Significant policy shifts on market-based actions to address climate change could come from US states if former president Donald Trump is re-elected.
A Trump administration is expected to be much less friendly to environmental markets, with the Republican nominee pledging on the campaign trail to repeal major tax incentives and other policies that support emissions-reduction efforts. That could open the door to more action by Democratic-led states, according to speakers Monday at the Environmental Markets Association (EMA) annual meeting in Scottsdale, Arizona.
"When Republicans win the White House, you tend to see the blue and purple states lean more aggressively into getting in the driver's seat on climate action," said Eric Scheriff, Capstone senior managing director of sustainability practice.
Scheriff highlighted eight states that increased their renewable portfolio standard (RPS) targets during the first Trump administration and said there is further potential for programs to expand and set more ambitious mandates in response to a second Trump presidency. A Republican-led White House would likely catalyze further development of New York's proposed cap-and-trade program, while spurring a more aggressive Low Carbon Fuel Standard program in California.
Expectations are that vice president Kamala Harris, the Democratic nominee, would continue President Joe Biden's climate policies. But a Harris administration has the potential to create a more durable voluntary carbon market, according to Janet Peace, head of policy for Anew Climate.

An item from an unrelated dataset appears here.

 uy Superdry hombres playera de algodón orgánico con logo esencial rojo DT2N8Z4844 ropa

"You could have the enshrinement on a government principle of what is high quality carbon," Peace said.
Action by the US Congress could give the Commodity Futures Trading Commission the authority needed to create a more transparent voluntary carbon market, Peace said.
But the voluntary market could have the opportunity to expand under either administration, she said.

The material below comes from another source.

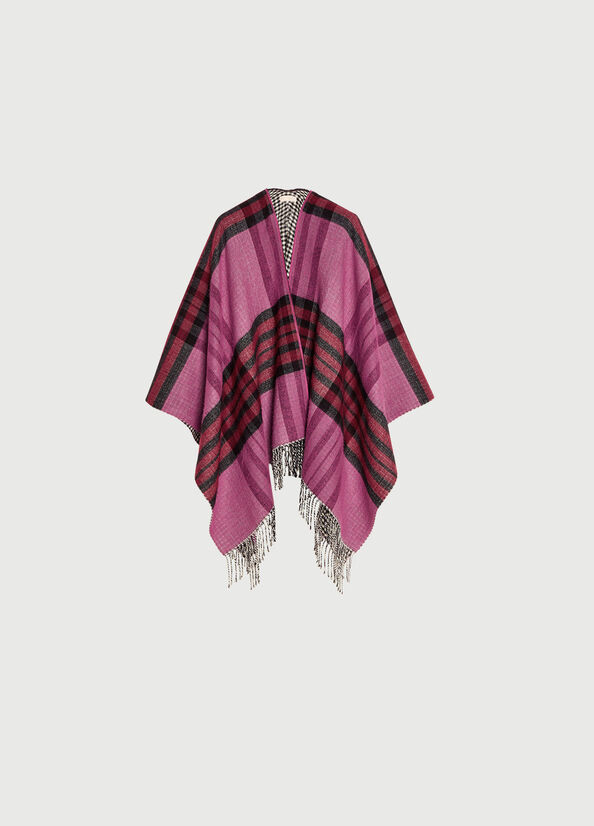 Cappotti Liu Jo Check And Houndstooth Poncho Donna Fucsia | FMR-570932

Meanwhile, the fate of the Inflation Reduction Act (IRA) remains a point of contention under a Trump administration.
Trump has pledged to repeal many of the energy tax credits in the IRA, while Harris has promised to create "America forward tax credits" that focus on growth for certain industries.
While money from the IRA has flowed to Republican states, this is unlikely to stem appetites to go after the provisions in a Trump administration, according to Kevin Poloncarz, partner and co-chair of the environmental and energy practice group at the law firm Covington & Burling.
"There's lots of ways it could be nibbled around the edges," Poloncarz said.
This could come in the form of how the US Treasury and Internal Revenue Service go about implementing provisions of the IRA since the final rules for some have not yet been issued, such as what qualifies for the 45V clean hydrogen tax credit.
A rush by the Biden administration to finalize the rules before the election would not necessarily remove any uncertainty, Poloncarz said. Congress under a Trump administration could pass a Congressional Review Act resolution, scuttling the rules and effectively prohibiting the agencies from adopting similar rules without the express permission of lawmakers.